(What you should do): Nothing but the pictures may be left out. Restate the rest of the entries word for word.

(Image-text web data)

══════════

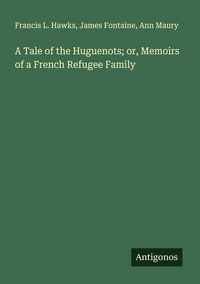 Produktbild: A Tale of the Huguenots; or, Memoirs of a French Refugee Family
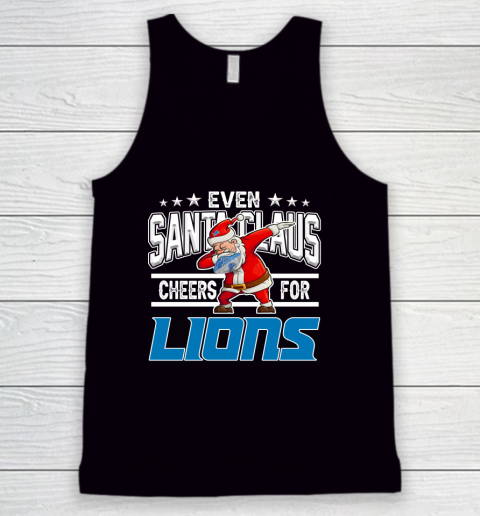 Detroit Lions Even Santa Claus Cheers For Christmas NFL Tank Top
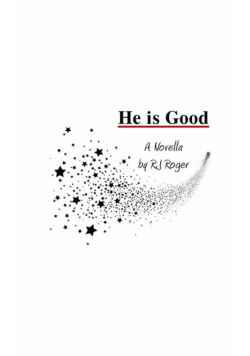He is Good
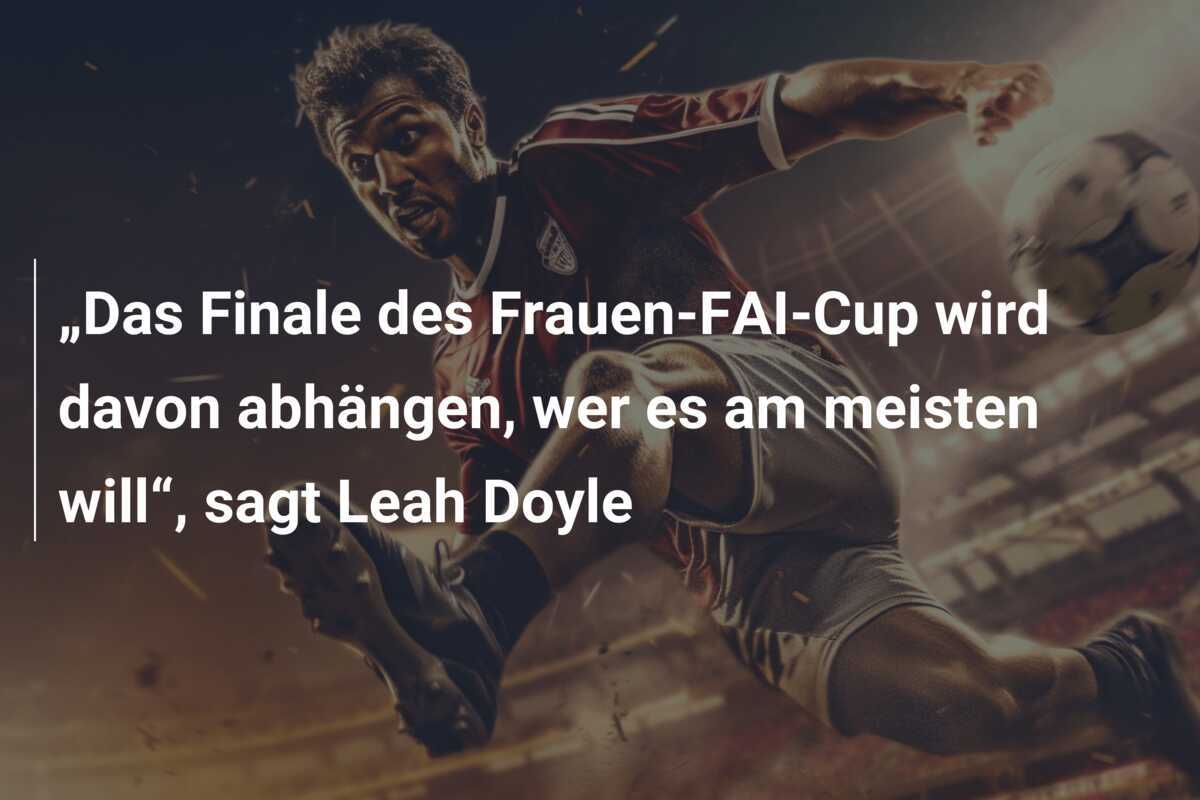 „Das Finale des Frauen-FAI-Cup wird davon abhängen, wer es am meisten will“, sagt Leah Doyle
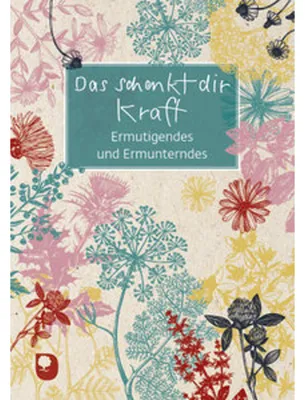 Produktbild von Das schenkt dir Kraft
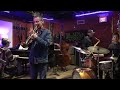 Jerry Bergonzi Quintet "Zoning" w/Phil Grenadier, Leo Genovese, Sean Farias & Austin McMahon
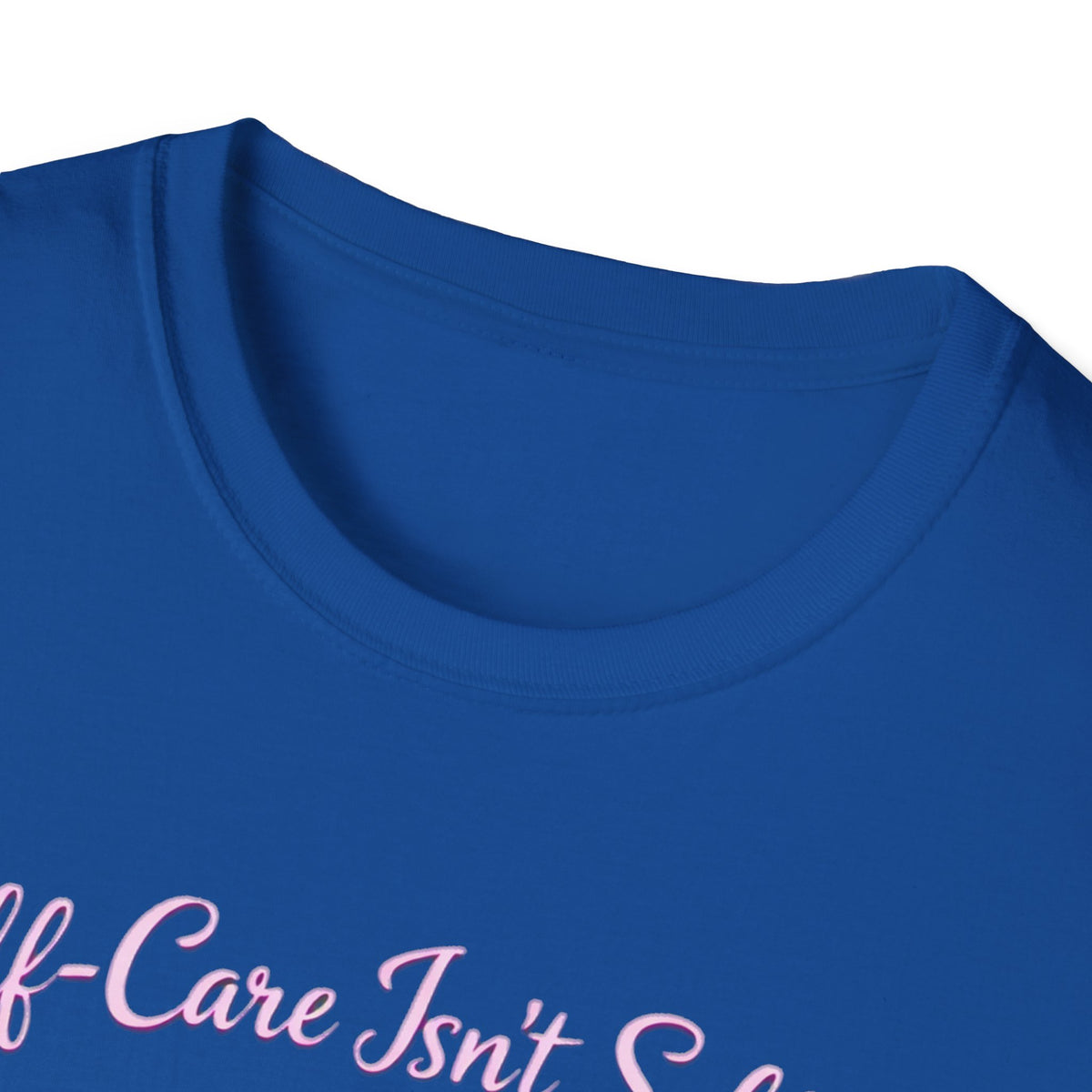 Self Care Isn't Selfish Shirt, Mom Essential Tee, Mothers Day Gift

══════════

(Your response):
 Produktbild: A Tale of the Huguenots; or, Memoirs of a French Refugee Family
 Detroit Lions Even Santa Claus Cheers For Christmas NFL Tank Top
He is Good
 „Das Finale des Frauen-FAI-Cup wird davon abhängen, wer es am meisten will“, sagt Leah Doyle
 Produktbild von Das schenkt dir Kraft
 Jerry Bergonzi Quintet "Zoning" w/Phil Grenadier, Leo Genovese, Sean Farias & Austin McMahon
 Self Care Isn't Selfish Shirt, Mom Essential Tee, Mothers Day Gift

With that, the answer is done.